◆ **WHAT YOU HAVE TO DO**: Read through the entries below and return each line with the word "Small".

Crawled caption data:
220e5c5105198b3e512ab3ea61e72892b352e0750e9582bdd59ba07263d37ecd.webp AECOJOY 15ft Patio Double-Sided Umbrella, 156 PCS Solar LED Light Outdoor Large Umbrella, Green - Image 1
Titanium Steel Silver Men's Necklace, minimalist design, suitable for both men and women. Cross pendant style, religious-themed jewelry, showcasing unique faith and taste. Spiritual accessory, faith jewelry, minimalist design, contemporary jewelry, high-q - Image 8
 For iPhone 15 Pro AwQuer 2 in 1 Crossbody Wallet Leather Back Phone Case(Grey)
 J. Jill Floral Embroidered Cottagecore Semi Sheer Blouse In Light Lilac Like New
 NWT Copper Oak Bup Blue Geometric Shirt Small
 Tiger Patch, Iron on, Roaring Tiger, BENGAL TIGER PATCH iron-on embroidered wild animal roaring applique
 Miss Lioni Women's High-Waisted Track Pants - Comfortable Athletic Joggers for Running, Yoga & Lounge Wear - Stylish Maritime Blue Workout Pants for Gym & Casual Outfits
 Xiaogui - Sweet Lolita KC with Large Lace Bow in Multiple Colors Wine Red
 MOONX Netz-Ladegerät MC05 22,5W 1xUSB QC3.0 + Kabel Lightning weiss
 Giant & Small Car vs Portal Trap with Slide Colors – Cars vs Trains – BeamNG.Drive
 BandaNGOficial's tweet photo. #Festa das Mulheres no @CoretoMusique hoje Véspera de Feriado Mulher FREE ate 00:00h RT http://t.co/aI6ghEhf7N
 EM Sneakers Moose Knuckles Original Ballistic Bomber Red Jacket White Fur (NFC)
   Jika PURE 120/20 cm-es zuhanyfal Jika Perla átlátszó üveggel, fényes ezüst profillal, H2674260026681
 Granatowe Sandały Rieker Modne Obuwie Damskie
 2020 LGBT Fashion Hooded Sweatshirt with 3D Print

◆ **REPLY**:
 NWT Copper Oak Bup Blue Geometric Shirt Small
 Giant & Small Car vs Portal Trap with Slide Colors – Cars vs Trains – BeamNG.Drive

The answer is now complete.